= Delilah (novel) =

1941 war novel by Martin Goodrich

First edition (publ. Farrar & Rinehart)

Delilah is a novel by Marcus Goodrich first published in 1941.
It revolves around the activities of the fictional American destroyer, the USS Delilah, and her crew in and around the Philippines in the time period from 1916 to 1917. The novel is loosely based on Goodrich's own experiences as a sailor on board the , a destroyer.

Much of the book constitutes detailed descriptions of various characters, punctuated by plot developments associated with the ship's mission in general support of maintaining order in the southern islands of the Filipino archipelago, populated by Muslim natives dissatisfied with the center of government in the northern island of Luzon. The relationship between the enlisted men and the officers on board the Delilah receives special treatment. This relationship can be seen as a logical link between the strict stratification of naval personnel in the age of sail and the more egalitarian navy that emerged following World War II.

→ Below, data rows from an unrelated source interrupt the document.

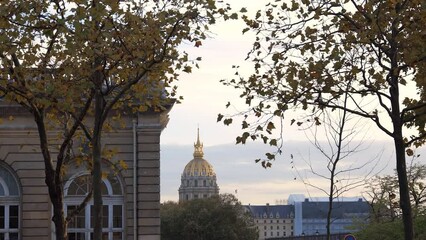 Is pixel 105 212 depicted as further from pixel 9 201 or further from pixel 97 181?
pixel 97 181

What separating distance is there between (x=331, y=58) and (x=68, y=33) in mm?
4445

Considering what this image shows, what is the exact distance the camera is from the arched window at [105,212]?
1377 inches

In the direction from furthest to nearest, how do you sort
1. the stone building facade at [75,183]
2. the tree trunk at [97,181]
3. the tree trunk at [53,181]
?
the stone building facade at [75,183]
the tree trunk at [53,181]
the tree trunk at [97,181]

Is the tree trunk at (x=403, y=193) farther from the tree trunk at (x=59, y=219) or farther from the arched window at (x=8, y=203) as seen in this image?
the arched window at (x=8, y=203)

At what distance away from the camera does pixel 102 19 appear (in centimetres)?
1683

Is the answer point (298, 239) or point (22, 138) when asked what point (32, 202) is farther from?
point (298, 239)

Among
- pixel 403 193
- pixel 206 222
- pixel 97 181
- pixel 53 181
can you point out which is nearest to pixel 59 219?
pixel 53 181

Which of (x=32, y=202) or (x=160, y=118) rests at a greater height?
(x=160, y=118)

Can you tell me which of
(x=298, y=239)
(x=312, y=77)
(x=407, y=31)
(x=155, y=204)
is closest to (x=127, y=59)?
(x=312, y=77)

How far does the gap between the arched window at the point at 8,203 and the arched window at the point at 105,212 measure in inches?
76.0

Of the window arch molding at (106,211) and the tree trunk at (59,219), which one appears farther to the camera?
the window arch molding at (106,211)

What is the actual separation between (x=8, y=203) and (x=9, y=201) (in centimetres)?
8

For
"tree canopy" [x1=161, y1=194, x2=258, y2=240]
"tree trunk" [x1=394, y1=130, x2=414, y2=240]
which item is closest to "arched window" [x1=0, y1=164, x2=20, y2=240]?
"tree trunk" [x1=394, y1=130, x2=414, y2=240]

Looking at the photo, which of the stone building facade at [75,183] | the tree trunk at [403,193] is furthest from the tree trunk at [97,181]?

The novel was an immediate success. Although the author's foreword expressly states his intention to write a sequel, and the story ends on the eve of the United States' entry into World War I following an extensive overhaul of the Delilah, no sequel was ever published.

Delilah remained the biggest success for writer Goodrich, who is perhaps better known today as the first husband of actress Olivia de Havilland.